13 (87.91%) 	 13 (98.45%)
12 (97.51%) 	 12 (100.00%)
5 (99.85%) 	 5 (99.99%)
12 (100.00%) 	 12 (99.98%)
5 (99.59%) 	 13 (94.90%) 	 MISMATCH!!
15 (97.62%) 	 12 (100.00%) 	 MISMATCH!!
3 (81.02%) 	 3 (80.31%)
8 (100.00%) 	 8 (99.93%)
6 (99.85%) 	 5 (54.45%) 	 MISMATCH!!
12 (100.00%) 	 12 (100.00%)
2 (47.00%) 	 5 (78.62%) 	 MISMATCH!!
5 (90.47%) 	 5 (99.79%)
6 (99.64%) 	 3 (59.76%) 	 MISMATCH!!
5 (99.75%) 	 5 (99.89%)
13 (99.99%) 	 13 (100.00%)

The same exact code example does result in the same and correct outputs in a docker container with image nvcr.io/nvidia/tensorflow:19.11-tf1-py3.

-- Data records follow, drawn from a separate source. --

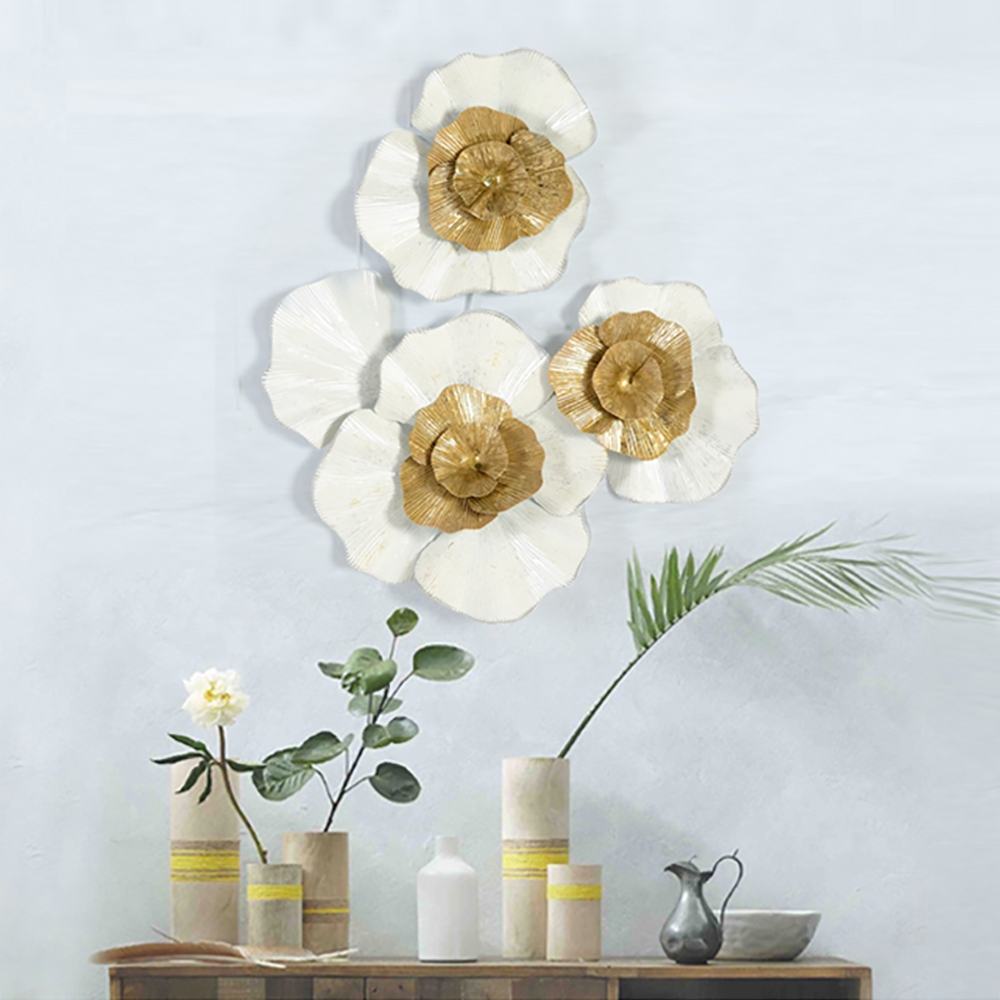 Questions and Answers for 600mm x 700mm Modern Metal Flower Wall Decor Home Wall Art in Gold & White Living Room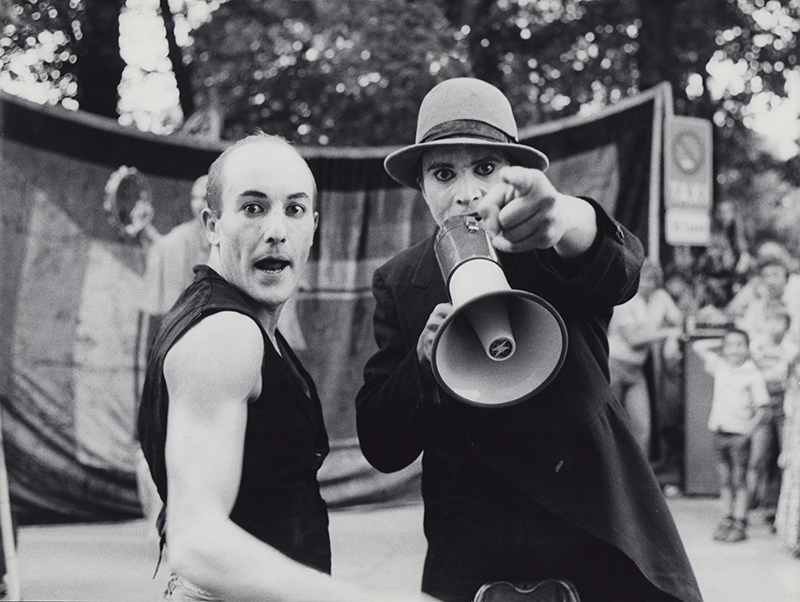 1980 - Elisabethplatz, M&uuml;nchen, TETZELS ABLASS (Colin Gilder, Benno Ifland) &copy;Oda Sternberg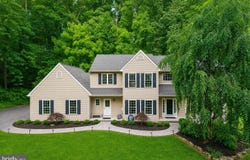6 FOX Chase, GLENMOORE, PA 19343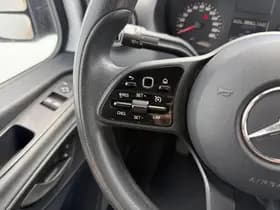 Mercedes-Benz Sprinter thumbnail 18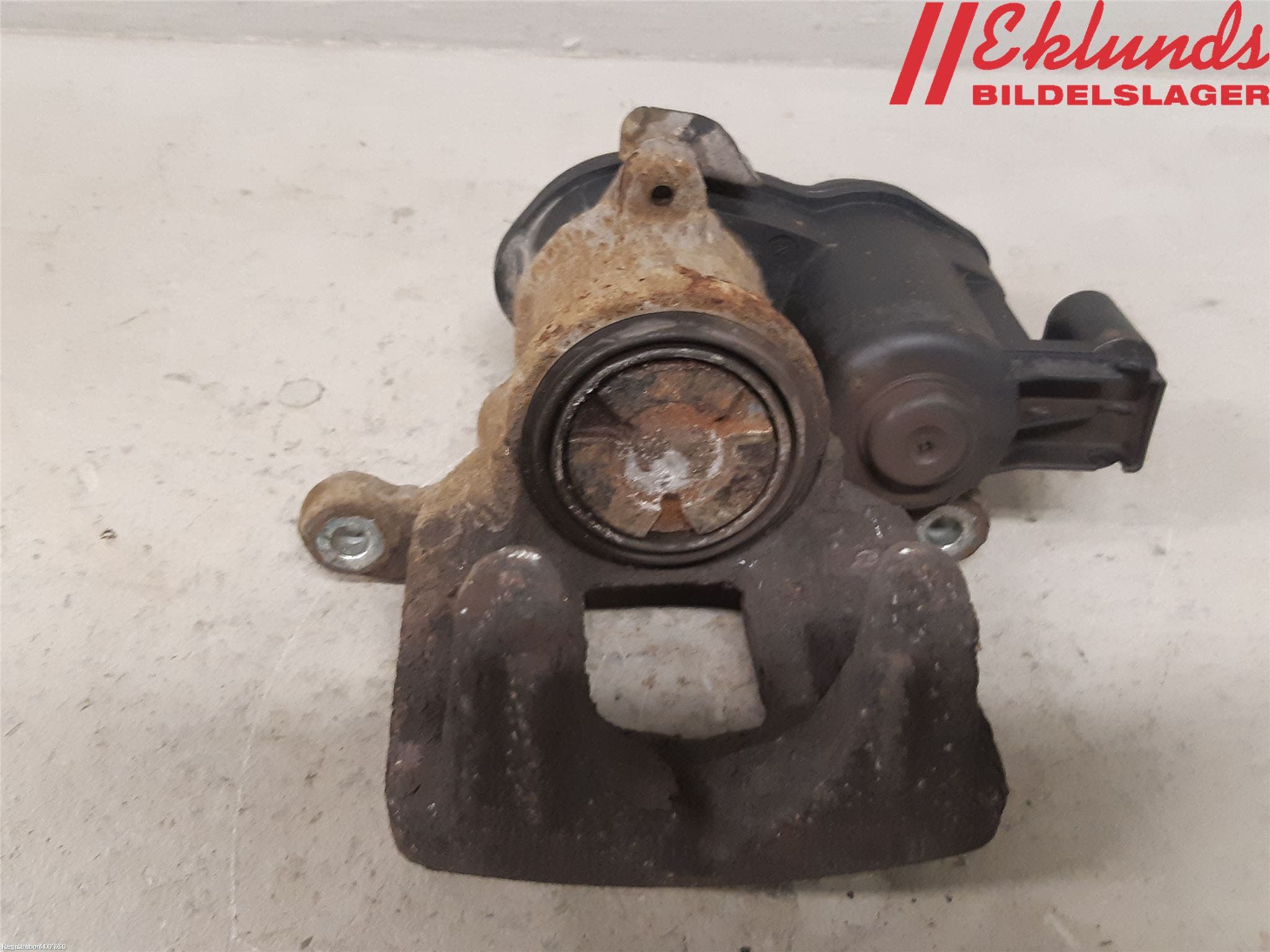 BMW X4 F26 14-18 Bromsok Bak Höger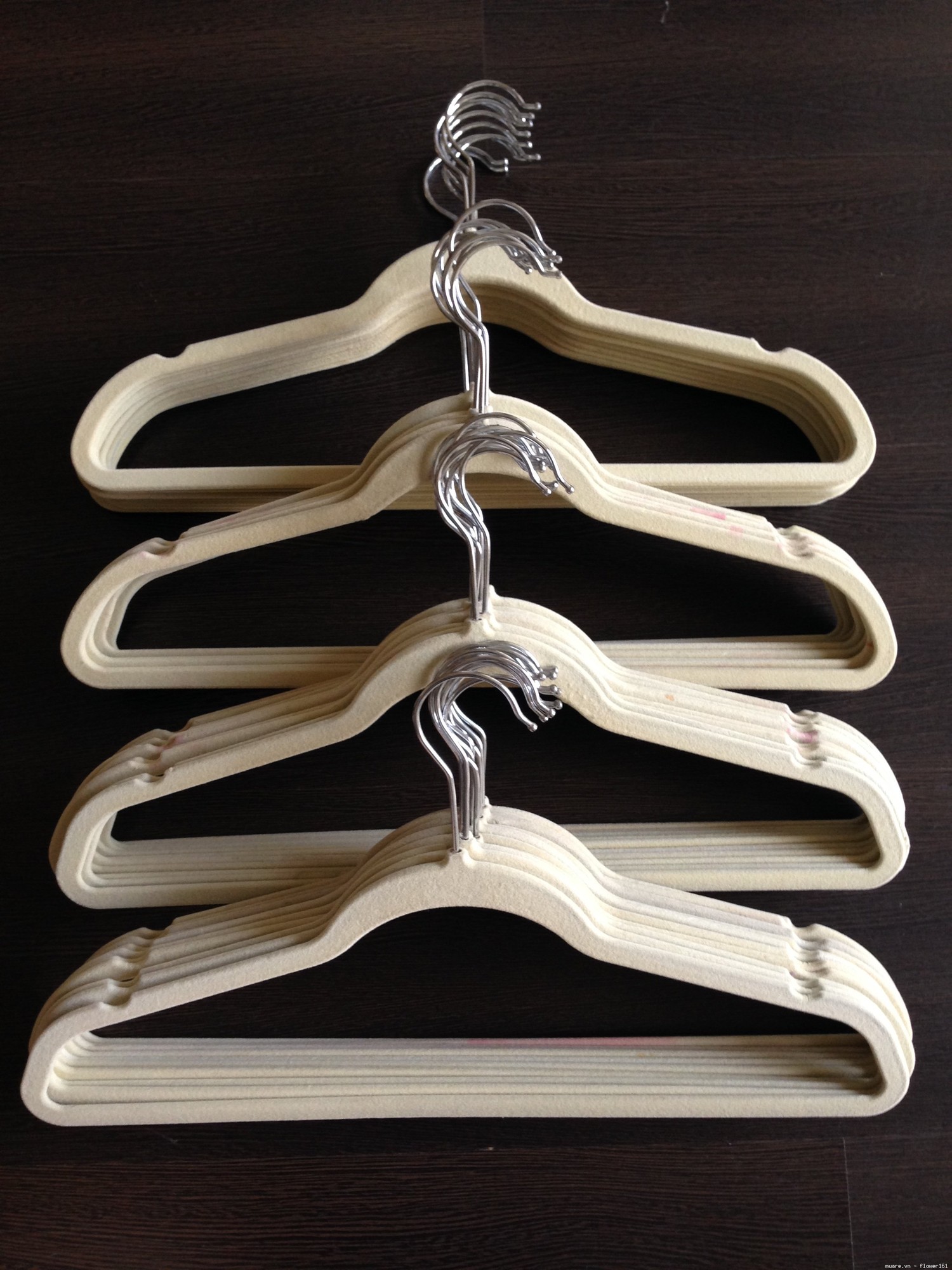 Móc treo phủ nhung  - sản phẩm bảo vệ tốt nhất cho trang phục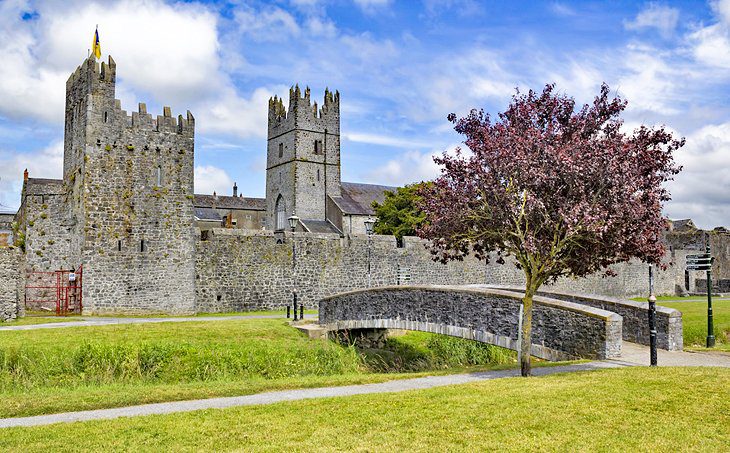 18 Top-Rated Small Towns in Ireland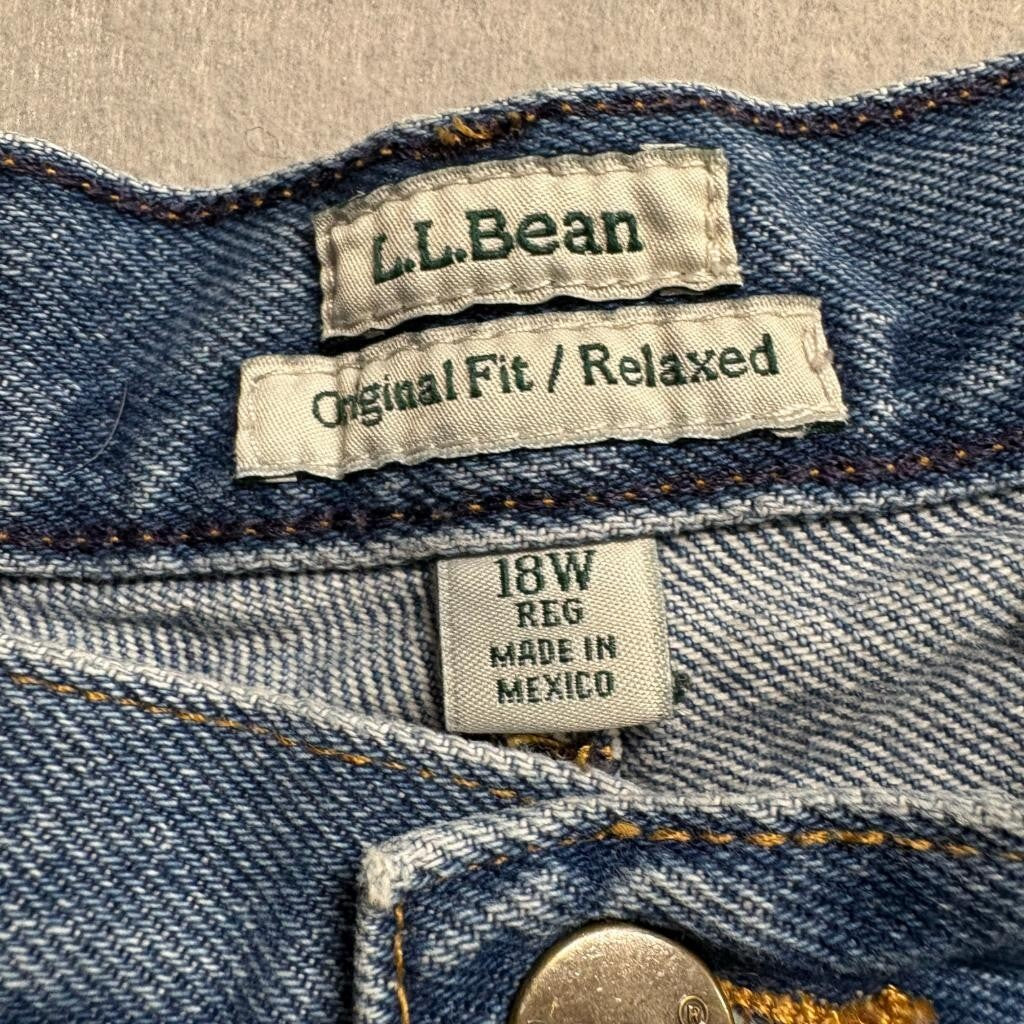 LL Bean Original Fit Relaxed Jeans Womens 18W Reg Blue Denim High Rise Cotton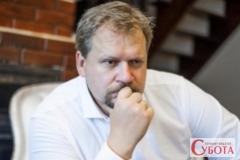 Колишній український телеведучий Юрій Кот у білій сорочці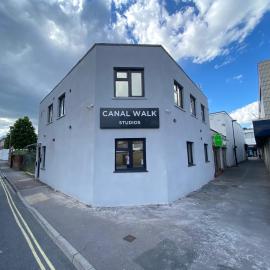 Canal Walk Studio Apartments, hotel in Southampton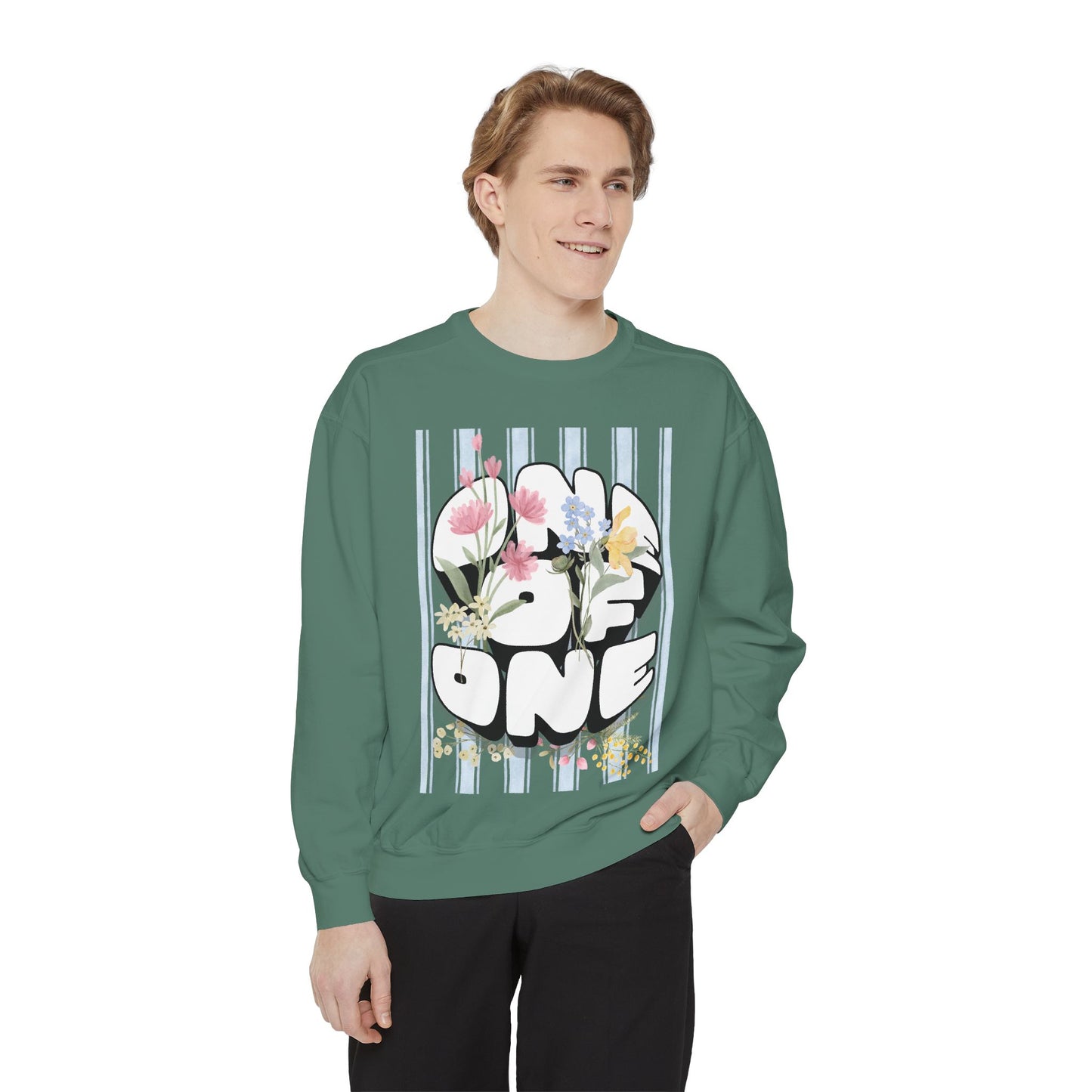 Love One Floral Sweatshirt — Retro Stripe Heart Graphic Crewneck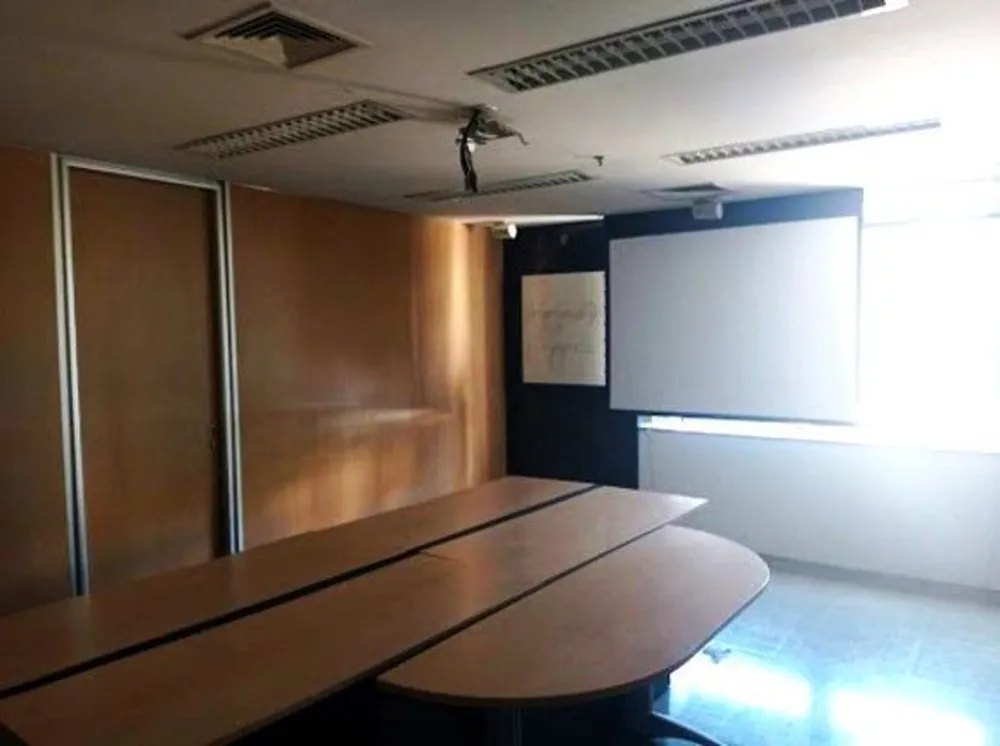 Sala-Conjunto, 300 m² - Foto 2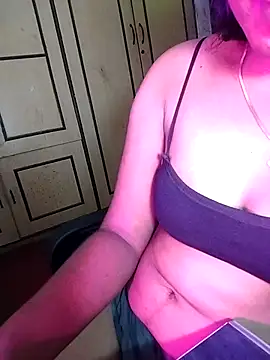 Tamil_Kavitha live webcam show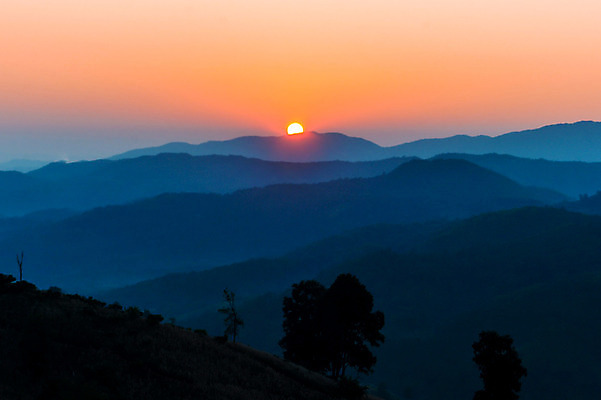 포토 JPG 해외이미지 구름 백그라운드 자연 하늘 아침 산 풍경 사람없음 야외 햇빛 태양 일출 숲 땅 해외202004 해외포토 주간 자연요소 노을 생태계 파일형식 이미지허브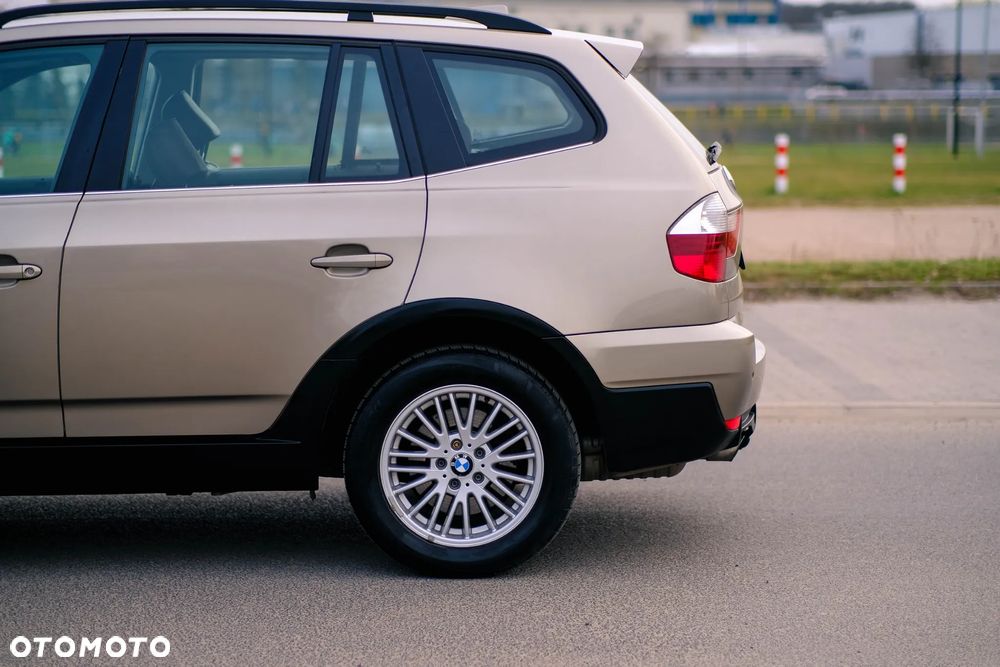 BMW X3 xDrive25i Edition Exclusive - 17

So it is either a bug in TensorRT 5.1.5 or cudnn 7.6.2 which is solved in TensorRT 6.0.0 or cudnn 7.6.5.
Since they are the only differences between tensorflow/tensorflow:1.15.0-gpu-py3-jupyter and nvcr.io/nvidia/tensorflow:19.11-tf1-py3.

@stengoes hellow, after you have saved optimized model, when you load the optimized model again, whether cost too much time ? i test yolov3 on xavier, which cost 12 minutes !!! do you have same problem ? hope for your answer, thank you

@stengoes besides,26G memory was consumed !!! do you have this phenomenon ?

@stengoes hellow, after you have saved optimized model, when you load the optimized model again, whether cost too much time ? i test yolov3 on xavier, which cost 12 minutes !!! do you have same problem ? hope for your answer, thank you

The script was not meant to be optimal in terms of performance.

For each example it first loads the TF native model, then evaluates the example, and then unloads the model. Then it does the same for the TensorRT optimized model. Finally it compares the output values of both models and the process repeats for the next example.

This procedure is by no means optimal, but for me it was just a quick and dirty way to make absolutely sure that the output values are not accidentally influenced by the wrong model.

Loading and unloading of the models takes a lot of time (also depending on hardware and model size). Also you could be running a lot of examples, which means the loading the "examples.pkl" could take a lot of time? So I can understand your run time of 12 minutes. Anyway a much more optimal way would be to load each model model once and run all examples in batch mode and compare the output values of the two batches. In order to achieve this you would only need to modify the script a little bit.

@stengoes besides,26G memory was consumed !!! do you have this phenomenon ?

Hard to tell where this is coming from based on your info. Could be that your "examples.pkl" is really large?